What you have to do
Please write out exactly the lines of the data below from the line holding "Preowned Japanese Tokoname" through the line holding "Skyline de la", and leave out the rest.

Provided records
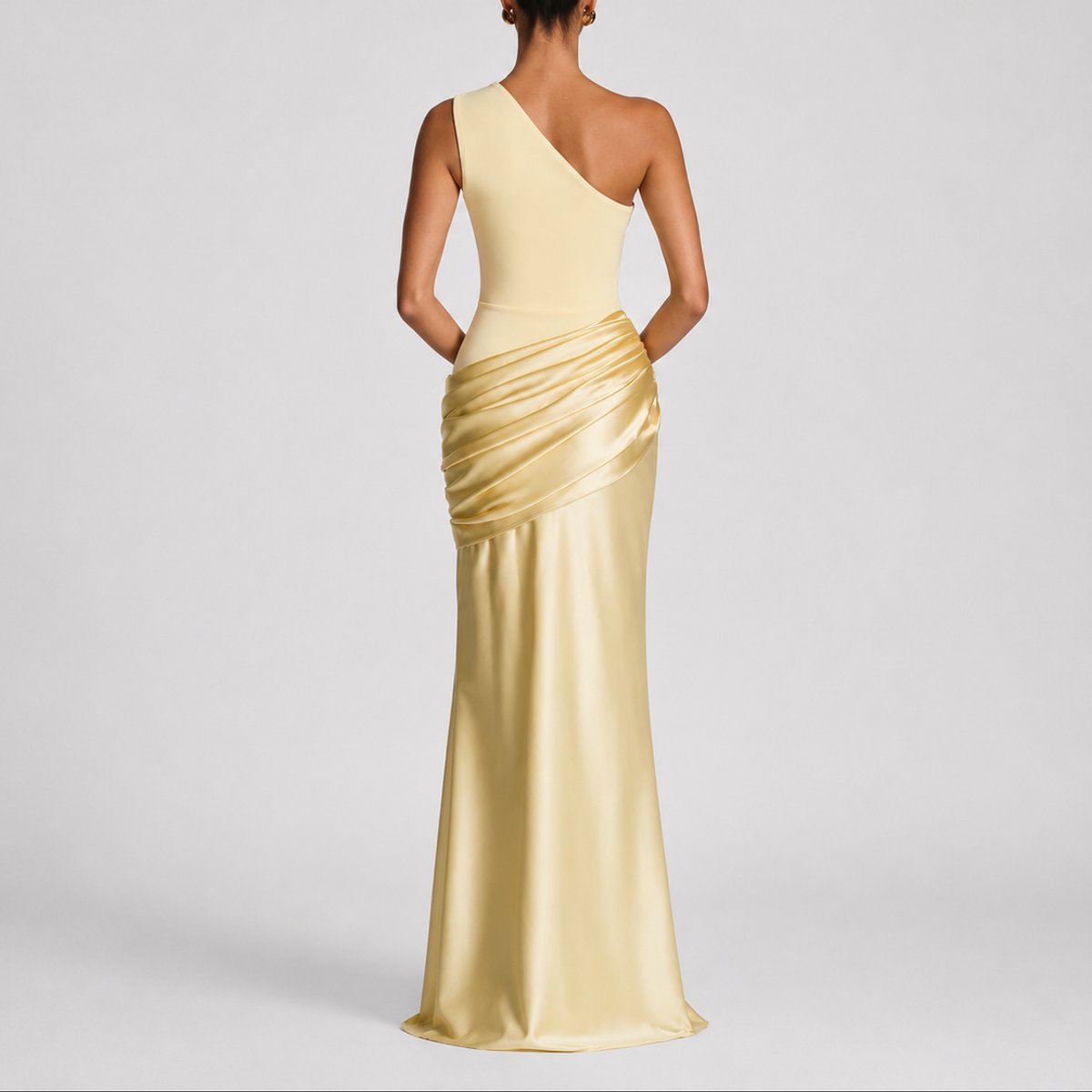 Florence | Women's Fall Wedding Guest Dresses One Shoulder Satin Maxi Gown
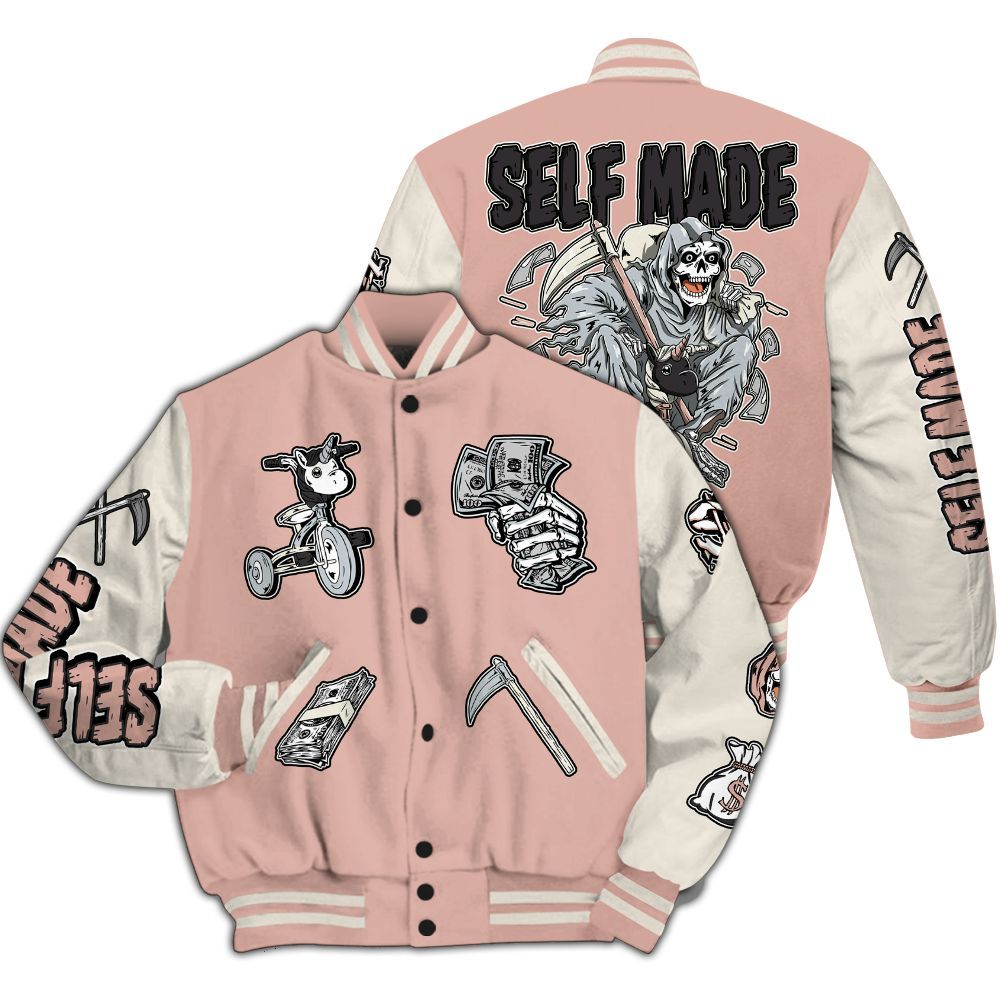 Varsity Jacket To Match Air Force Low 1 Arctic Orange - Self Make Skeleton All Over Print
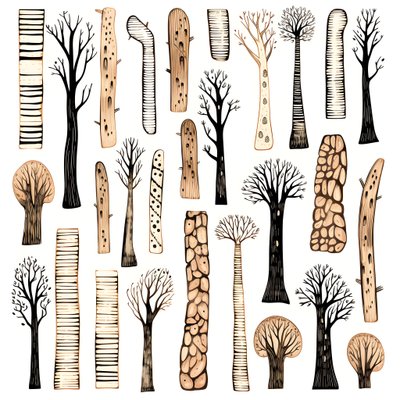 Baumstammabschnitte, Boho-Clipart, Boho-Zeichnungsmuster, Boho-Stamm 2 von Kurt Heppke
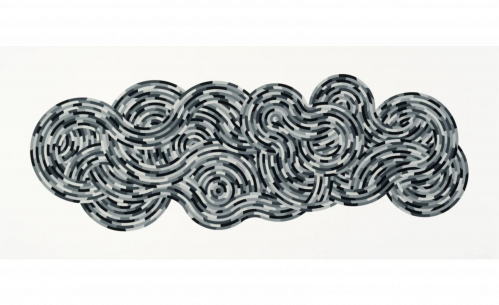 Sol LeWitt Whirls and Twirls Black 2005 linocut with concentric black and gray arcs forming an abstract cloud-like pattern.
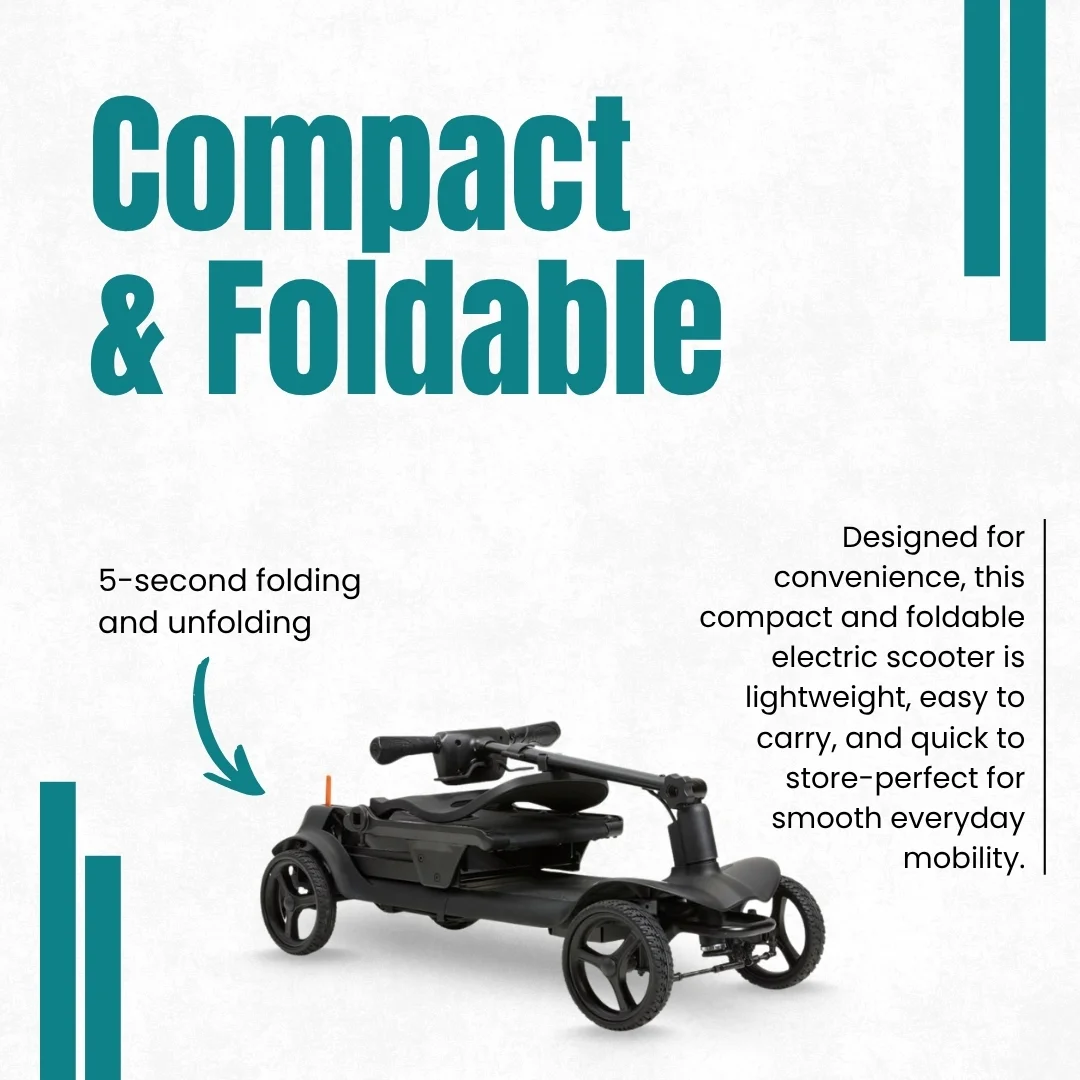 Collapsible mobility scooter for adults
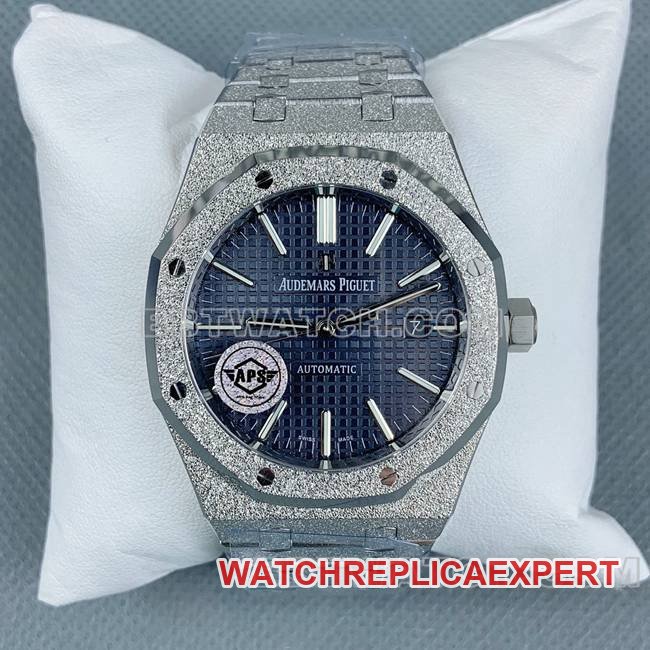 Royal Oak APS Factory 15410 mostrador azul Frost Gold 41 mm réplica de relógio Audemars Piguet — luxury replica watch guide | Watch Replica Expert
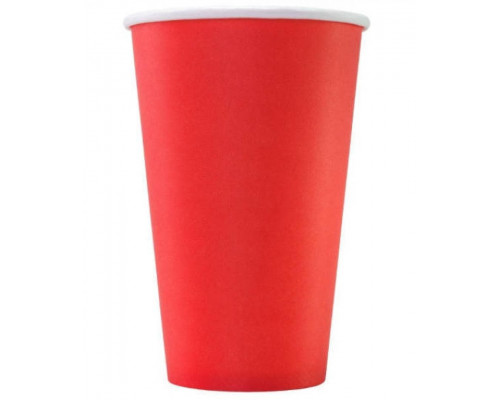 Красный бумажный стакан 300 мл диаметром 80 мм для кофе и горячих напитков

--

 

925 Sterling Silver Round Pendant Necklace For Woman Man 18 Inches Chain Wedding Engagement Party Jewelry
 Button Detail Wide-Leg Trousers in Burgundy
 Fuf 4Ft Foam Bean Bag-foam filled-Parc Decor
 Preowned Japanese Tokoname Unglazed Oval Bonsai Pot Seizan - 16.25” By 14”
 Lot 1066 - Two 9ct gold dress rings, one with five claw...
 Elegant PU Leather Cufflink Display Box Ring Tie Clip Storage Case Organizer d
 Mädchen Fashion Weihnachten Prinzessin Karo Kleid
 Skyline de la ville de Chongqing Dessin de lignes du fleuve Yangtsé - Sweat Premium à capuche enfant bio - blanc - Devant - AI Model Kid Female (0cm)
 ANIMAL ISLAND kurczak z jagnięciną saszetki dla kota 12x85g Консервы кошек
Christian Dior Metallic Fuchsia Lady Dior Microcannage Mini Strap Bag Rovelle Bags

...

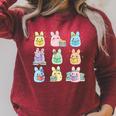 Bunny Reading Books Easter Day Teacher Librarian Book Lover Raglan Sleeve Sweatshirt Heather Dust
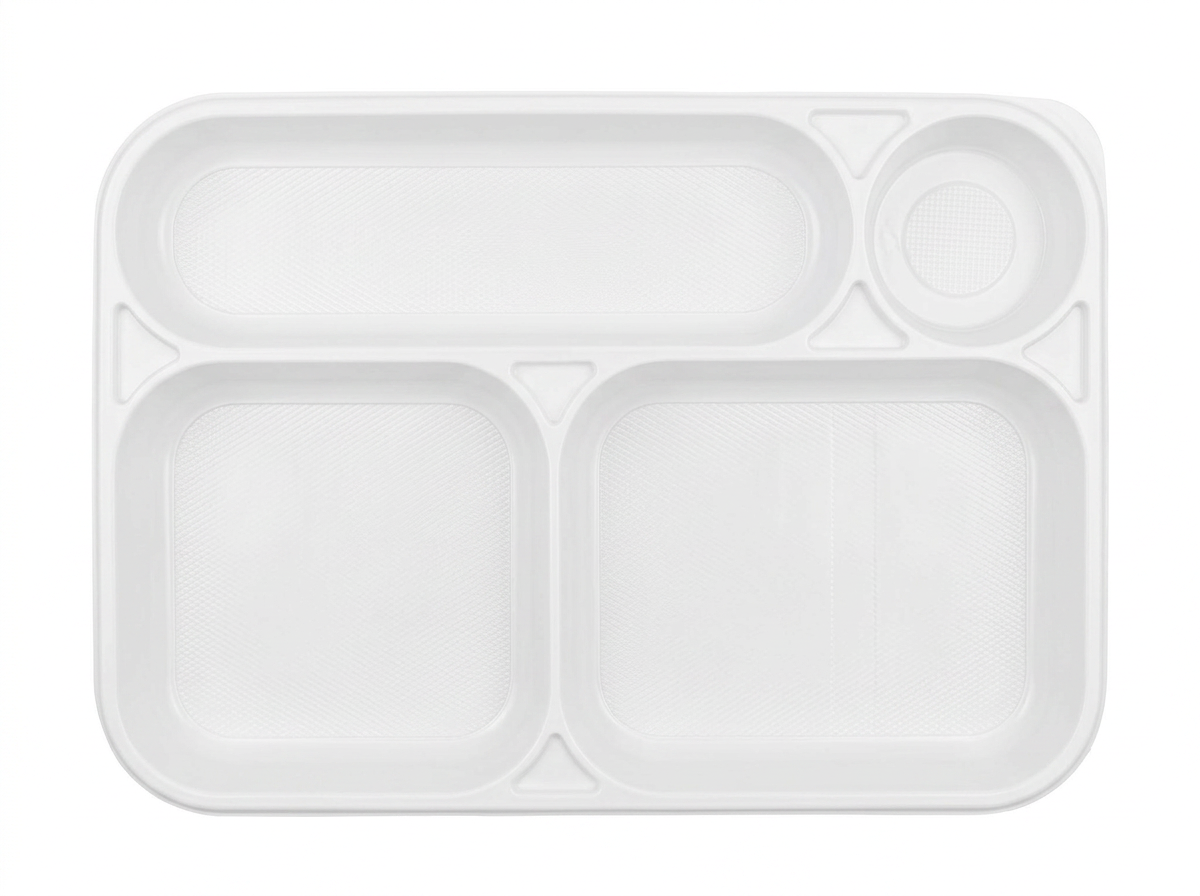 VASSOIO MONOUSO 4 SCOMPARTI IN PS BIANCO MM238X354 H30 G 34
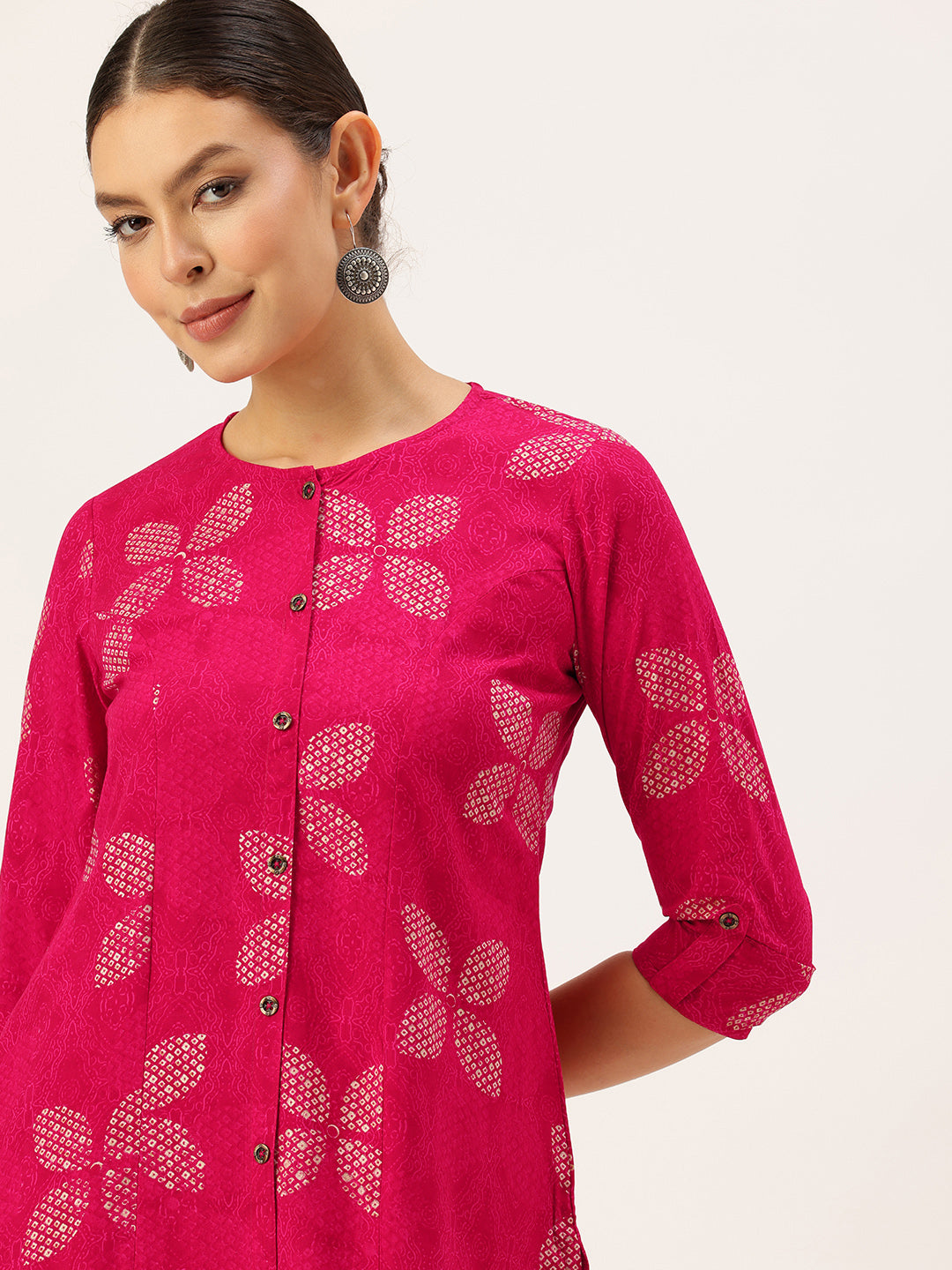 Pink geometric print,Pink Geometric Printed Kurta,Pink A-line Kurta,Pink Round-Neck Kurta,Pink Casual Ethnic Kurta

Task response
 Preowned Japanese Tokoname Unglazed Oval Bonsai Pot Seizan - 16.25” By 14”
 Lot 1066 - Two 9ct gold dress rings, one with five claw...
 Elegant PU Leather Cufflink Display Box Ring Tie Clip Storage Case Organizer d
 Mädchen Fashion Weihnachten Prinzessin Karo Kleid
 Skyline de la ville de Chongqing Dessin de lignes du fleuve Yangtsé - Sweat Premium à capuche enfant bio - blanc - Devant - AI Model Kid Female (0cm)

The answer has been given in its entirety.